Rządowy program Czyste Powietrze. Podpisano pół miliona umów
Do 20 stycznia złożono ponad 543 tys. wniosków o wsparcie w ramach rządowego programu Czyste Powietrze i podpisano prawie pół miliona umów - poinformowała w Sejmie wiceminister klimatu i środowiska Anna Łukaszewska-Trzeciakowska. Od stycznia na wymianę "kopciucha" i termomodernizację domu można otrzymać do 135 tys. zł dotacji.
Łukaszewska-Trzeciakowska odpowiadała w Sejmie na pytania posłów Lewicy o długofalową strategię dla ciepłownictwa w Polsce, m.in. w związku z przypadkami dużych podwyżek za ogrzewanie, a także o efekty programu "Czyste Powietrze".
Odnosząc się do pytania o program Czyste Powietrze, przypomniała, że 3 stycznia br. wprowadzono w nim zmiany.
- Program został wynegocjowany z organizacjami pozarządowymi, samorządami i stroną społeczną. Efekty są wprowadzone, widzimy ich sukces - zaznaczyła.
W programie można uzyskać dofinansowanie na termomodernizację budynków oraz wymianę starych i nieefektywnych źródeł ciepła. Od 3 stycznia podwyższono progi dochodowe osób, które mogą skorzystać ze wsparcia oraz kwoty dotacji.
Posłanka Lewicy Anita Sowińska podkreśliła, że elektrociepłownia w Piotrkowie Trybunalskim podniosła ceny o 64 proc., a po doliczeniu VAT podwyżka przekroczyła 90 proc. Wskazała, że rozpatrywany na bieżącym posiedzeniu Sejmu projekt nowelizacji ustawy, która ma ograniczyć wzrost stawek do nie więcej niż 40 proc., nie rozwiąże problemów ciepłownictwa.
- Ciepło jest nadal drogie. Został uśmierzony ból, ale choroba pozostała. Chorobą jest przestarzały, nieefektywny system ciepłownictwa, szczególnie w małych i średnich miastach. Potrzebna jest zielona transformacja tego obszaru: większe wykorzystanie odnawialnych źródeł energii, podniesienie efektywności energetycznej i skuteczny program termomodernizacji budynków - oceniła Sowińska.
Zapytała, dlaczego rząd do tej pory nie przyjął strategii ciepłownictwa w Polsce.
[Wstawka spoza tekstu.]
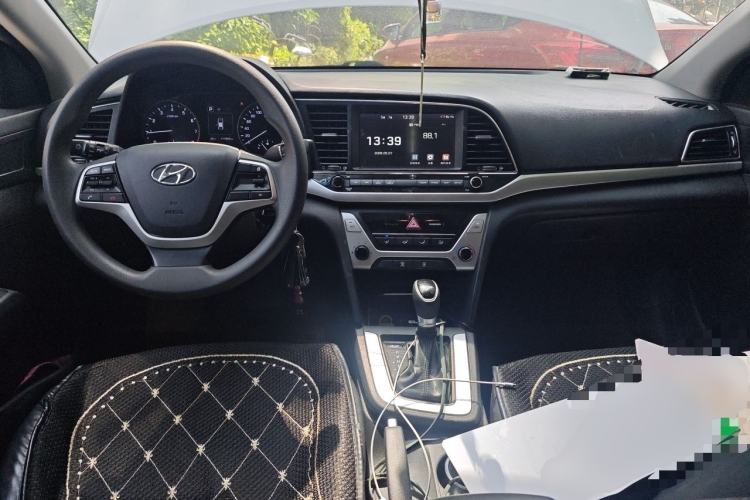 Used Hyundai Elantra (6th Generation / Lingdong) 2016 1.6L Automatic ZhiXuan – Elite Version Center Console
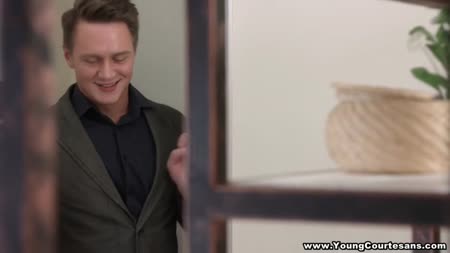 Девочка одела эротичный наряд и устроила красивый секс #1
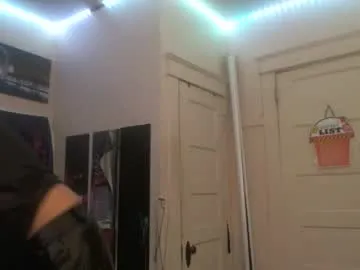 pinkypuppa – webcam model profile photo Image 18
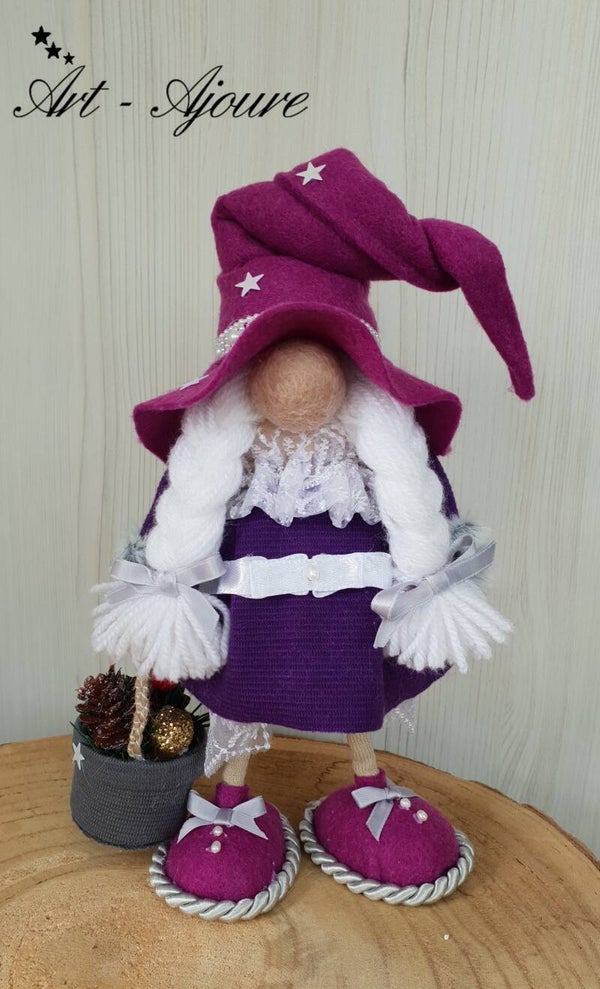 Art-Ajoure handgemaakte wollen Kerstkabouter 27 cm paars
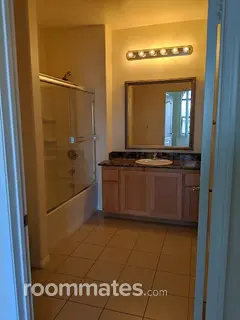 Room for rent in Los Angeles, CA $1250, house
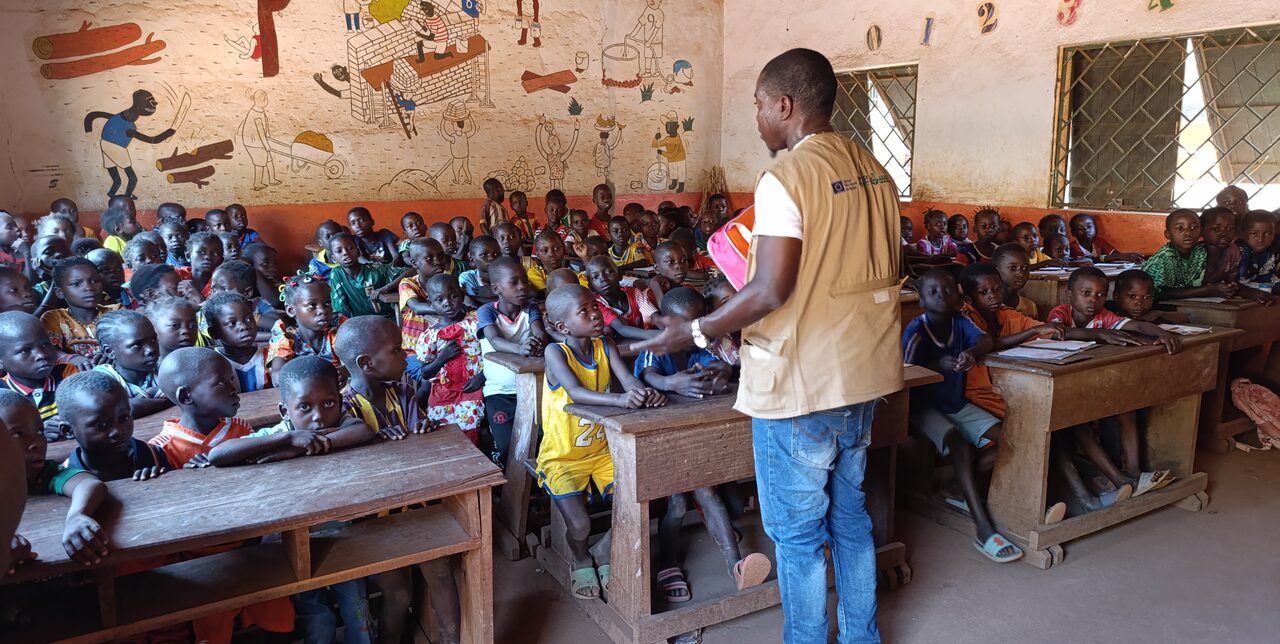 RCA : le Programme d’Éducation Accélérée, une réponse à l’exclusion scolaire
Beata Maciejewska, również z Lewicy, dociekała, jakie są efekty realizacji programu "Czyste Powietrze". Powołała się na opinie Alarmu Smogowego, wedle której odsłona programu na ten rok ma wiele wad i wymaga reform.
Wiceminister klimatu wymieniła działania rządu, które miały na celu wsparcie przedsiębiorstw ciepłowniczych i mieszkańców, w tym m.in. gwarancje BGK dla ciepłowni na zakup paliwa oraz wprowadzenie we wrześniu ub.r. tzw. średniej ceny ciepła z rekompensatą - 150,95 zł za GJ netto dla ciepła wytwarzanego w źródłach ciepła opalanych gazem ziemnym lub olejem opałowym oraz 103,82 zł za GJ netto dla ciepła wytwarzanego w pozostałych źródłach ciepła.
Zgodnie z projektem, który będzie poddany pod głosowanie Sejmu, wzrost cen dostawy ciepła systemowego, obejmujący wszystkie opłaty i stawki nałożone na odbiorcę, nie może być większy niż 40 proc. w stosunku do cen obowiązujących 30 września 2022 r. Przedsiębiorstwa energetyczne otrzymają wyrównanie, tak by odbiorca będący podmiotem uprawnionym nie został obciążony nadmiernym wzrostem kosztów ogrzewania.
Łukaszewska-Trzeciakowska przyznała, że system ciepłowniczy w Polsce wymaga zmian, w czym ogromną rolę mogą odegrać biogazownie.